Problem: Once the line containing "Extra Wide Baby" is found, return it and every line that follows, up to and including the final line of the material, exactly as written.

Data supplied:
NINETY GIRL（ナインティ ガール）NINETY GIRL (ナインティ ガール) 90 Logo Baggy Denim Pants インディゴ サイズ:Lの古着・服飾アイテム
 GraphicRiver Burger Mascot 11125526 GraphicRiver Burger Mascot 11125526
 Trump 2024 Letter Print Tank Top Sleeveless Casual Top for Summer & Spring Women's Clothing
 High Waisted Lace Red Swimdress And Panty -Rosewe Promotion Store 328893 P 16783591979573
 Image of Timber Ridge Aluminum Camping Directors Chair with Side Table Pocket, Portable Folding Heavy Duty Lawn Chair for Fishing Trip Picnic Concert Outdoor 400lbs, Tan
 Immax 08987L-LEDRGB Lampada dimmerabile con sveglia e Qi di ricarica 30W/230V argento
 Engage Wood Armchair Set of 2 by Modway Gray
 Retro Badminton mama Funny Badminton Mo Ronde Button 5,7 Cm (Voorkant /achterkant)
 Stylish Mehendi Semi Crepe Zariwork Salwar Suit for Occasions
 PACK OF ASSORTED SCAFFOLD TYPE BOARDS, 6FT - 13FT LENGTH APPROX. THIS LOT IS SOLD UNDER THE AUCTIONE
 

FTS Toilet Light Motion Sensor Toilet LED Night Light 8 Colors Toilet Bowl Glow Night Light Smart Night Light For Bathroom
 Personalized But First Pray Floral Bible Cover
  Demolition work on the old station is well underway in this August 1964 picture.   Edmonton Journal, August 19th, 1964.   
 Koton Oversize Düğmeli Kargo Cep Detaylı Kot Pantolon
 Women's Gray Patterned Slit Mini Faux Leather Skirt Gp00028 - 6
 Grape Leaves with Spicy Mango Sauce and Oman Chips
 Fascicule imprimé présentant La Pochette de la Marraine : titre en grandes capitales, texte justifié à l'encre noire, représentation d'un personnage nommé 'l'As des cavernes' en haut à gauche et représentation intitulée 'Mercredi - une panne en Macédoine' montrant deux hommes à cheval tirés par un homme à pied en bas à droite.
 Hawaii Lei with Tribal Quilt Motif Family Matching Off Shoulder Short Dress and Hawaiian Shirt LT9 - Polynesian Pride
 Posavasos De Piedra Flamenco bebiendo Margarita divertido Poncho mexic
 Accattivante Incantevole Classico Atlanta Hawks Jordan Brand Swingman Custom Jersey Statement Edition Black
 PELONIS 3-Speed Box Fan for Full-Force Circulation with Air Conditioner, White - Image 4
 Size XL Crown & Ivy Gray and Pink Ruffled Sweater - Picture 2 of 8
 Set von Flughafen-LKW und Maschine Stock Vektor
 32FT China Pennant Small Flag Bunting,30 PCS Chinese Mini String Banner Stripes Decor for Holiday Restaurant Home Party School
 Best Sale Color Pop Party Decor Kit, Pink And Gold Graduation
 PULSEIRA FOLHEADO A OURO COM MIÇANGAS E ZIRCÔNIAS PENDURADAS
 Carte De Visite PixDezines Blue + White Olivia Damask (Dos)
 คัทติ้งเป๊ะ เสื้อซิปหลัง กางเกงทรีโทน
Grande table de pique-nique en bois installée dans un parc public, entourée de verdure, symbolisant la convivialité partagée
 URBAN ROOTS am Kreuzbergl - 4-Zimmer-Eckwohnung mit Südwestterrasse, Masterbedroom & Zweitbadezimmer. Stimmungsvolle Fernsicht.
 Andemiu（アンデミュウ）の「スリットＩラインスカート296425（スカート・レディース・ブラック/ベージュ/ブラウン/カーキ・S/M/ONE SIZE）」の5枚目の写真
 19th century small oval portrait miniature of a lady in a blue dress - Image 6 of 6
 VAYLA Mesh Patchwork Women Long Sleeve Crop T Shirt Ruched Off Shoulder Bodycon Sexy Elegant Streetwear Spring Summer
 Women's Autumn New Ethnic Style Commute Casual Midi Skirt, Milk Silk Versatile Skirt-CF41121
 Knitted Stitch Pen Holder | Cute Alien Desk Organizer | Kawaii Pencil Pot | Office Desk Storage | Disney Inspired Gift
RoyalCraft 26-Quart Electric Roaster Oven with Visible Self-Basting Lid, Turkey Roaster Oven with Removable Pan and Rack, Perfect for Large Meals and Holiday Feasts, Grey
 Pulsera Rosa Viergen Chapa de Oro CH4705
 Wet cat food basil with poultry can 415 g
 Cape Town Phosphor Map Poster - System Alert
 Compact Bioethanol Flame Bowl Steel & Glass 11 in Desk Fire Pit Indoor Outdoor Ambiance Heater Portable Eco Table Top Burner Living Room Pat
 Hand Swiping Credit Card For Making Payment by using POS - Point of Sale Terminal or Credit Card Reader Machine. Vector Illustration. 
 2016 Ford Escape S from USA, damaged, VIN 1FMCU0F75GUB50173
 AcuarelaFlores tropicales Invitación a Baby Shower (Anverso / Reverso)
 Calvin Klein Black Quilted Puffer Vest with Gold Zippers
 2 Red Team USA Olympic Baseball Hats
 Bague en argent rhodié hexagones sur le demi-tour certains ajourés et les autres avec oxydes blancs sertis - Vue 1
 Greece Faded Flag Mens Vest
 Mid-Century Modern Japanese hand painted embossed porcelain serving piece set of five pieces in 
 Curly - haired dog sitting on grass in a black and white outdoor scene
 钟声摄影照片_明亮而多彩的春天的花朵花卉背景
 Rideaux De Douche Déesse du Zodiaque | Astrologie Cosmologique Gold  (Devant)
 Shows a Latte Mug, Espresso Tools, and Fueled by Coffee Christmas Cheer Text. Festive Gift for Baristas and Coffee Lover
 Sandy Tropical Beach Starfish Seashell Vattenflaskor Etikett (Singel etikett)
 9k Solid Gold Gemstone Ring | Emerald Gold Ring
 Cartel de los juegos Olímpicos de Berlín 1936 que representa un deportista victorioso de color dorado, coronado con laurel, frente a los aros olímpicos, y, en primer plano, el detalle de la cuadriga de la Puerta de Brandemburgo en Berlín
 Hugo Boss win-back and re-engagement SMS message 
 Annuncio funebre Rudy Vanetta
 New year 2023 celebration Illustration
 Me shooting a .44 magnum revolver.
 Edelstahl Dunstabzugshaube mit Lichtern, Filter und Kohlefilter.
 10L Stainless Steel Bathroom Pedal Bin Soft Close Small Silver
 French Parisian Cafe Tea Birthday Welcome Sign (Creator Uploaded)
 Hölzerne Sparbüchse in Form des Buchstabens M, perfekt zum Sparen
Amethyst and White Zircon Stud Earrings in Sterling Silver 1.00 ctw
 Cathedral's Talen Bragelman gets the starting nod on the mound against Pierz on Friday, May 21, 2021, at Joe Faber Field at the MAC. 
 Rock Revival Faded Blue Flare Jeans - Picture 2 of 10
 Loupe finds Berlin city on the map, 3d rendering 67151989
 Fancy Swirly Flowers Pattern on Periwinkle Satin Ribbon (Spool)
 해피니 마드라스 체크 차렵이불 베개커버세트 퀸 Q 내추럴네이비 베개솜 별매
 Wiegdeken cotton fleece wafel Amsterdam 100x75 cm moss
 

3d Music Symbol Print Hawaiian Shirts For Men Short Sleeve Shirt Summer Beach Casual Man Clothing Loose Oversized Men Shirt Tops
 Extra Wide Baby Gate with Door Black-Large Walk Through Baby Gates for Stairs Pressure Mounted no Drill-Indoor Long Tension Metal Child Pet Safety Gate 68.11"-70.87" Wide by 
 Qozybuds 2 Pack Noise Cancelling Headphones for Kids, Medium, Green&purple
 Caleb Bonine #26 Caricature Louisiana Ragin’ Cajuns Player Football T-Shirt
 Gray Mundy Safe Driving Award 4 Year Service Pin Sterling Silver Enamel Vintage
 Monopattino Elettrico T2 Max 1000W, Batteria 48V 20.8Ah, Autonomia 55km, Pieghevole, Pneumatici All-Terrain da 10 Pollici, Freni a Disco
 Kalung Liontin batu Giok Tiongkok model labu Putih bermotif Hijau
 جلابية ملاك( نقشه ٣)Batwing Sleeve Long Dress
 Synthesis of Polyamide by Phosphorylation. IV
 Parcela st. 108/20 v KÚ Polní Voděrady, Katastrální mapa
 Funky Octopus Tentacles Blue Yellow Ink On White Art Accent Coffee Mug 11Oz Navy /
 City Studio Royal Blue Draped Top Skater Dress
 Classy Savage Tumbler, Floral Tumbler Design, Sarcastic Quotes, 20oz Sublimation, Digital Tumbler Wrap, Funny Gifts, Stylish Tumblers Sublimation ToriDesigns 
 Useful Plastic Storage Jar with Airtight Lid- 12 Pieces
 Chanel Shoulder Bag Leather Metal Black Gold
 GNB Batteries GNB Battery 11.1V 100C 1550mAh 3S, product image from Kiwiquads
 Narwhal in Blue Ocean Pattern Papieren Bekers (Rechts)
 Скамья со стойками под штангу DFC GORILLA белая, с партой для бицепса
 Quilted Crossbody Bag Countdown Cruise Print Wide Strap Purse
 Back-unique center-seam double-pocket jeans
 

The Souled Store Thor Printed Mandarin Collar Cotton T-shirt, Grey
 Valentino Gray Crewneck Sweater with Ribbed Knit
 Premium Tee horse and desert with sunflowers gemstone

Solution to this exercise:
 Extra Wide Baby Gate with Door Black-Large Walk Through Baby Gates for Stairs Pressure Mounted no Drill-Indoor Long Tension Metal Child Pet Safety Gate 68.11"-70.87" Wide by 
 Qozybuds 2 Pack Noise Cancelling Headphones for Kids, Medium, Green&purple
 Caleb Bonine #26 Caricature Louisiana Ragin’ Cajuns Player Football T-Shirt
 Gray Mundy Safe Driving Award 4 Year Service Pin Sterling Silver Enamel Vintage
 Monopattino Elettrico T2 Max 1000W, Batteria 48V 20.8Ah, Autonomia 55km, Pieghevole, Pneumatici All-Terrain da 10 Pollici, Freni a Disco
 Kalung Liontin batu Giok Tiongkok model labu Putih bermotif Hijau
 جلابية ملاك( نقشه ٣)Batwing Sleeve Long Dress
 Synthesis of Polyamide by Phosphorylation. IV
 Parcela st. 108/20 v KÚ Polní Voděrady, Katastrální mapa
 Funky Octopus Tentacles Blue Yellow Ink On White Art Accent Coffee Mug 11Oz Navy /
 City Studio Royal Blue Draped Top Skater Dress
 Classy Savage Tumbler, Floral Tumbler Design, Sarcastic Quotes, 20oz Sublimation, Digital Tumbler Wrap, Funny Gifts, Stylish Tumblers Sublimation ToriDesigns 
 Useful Plastic Storage Jar with Airtight Lid- 12 Pieces
 Chanel Shoulder Bag Leather Metal Black Gold
 GNB Batteries GNB Battery 11.1V 100C 1550mAh 3S, product image from Kiwiquads
 Narwhal in Blue Ocean Pattern Papieren Bekers (Rechts)
 Скамья со стойками под штангу DFC GORILLA белая, с партой для бицепса
 Quilted Crossbody Bag Countdown Cruise Print Wide Strap Purse
 Back-unique center-seam double-pocket jeans
 

The Souled Store Thor Printed Mandarin Collar Cotton T-shirt, Grey
 Valentino Gray Crewneck Sweater with Ribbed Knit
 Premium Tee horse and desert with sunflowers gemstone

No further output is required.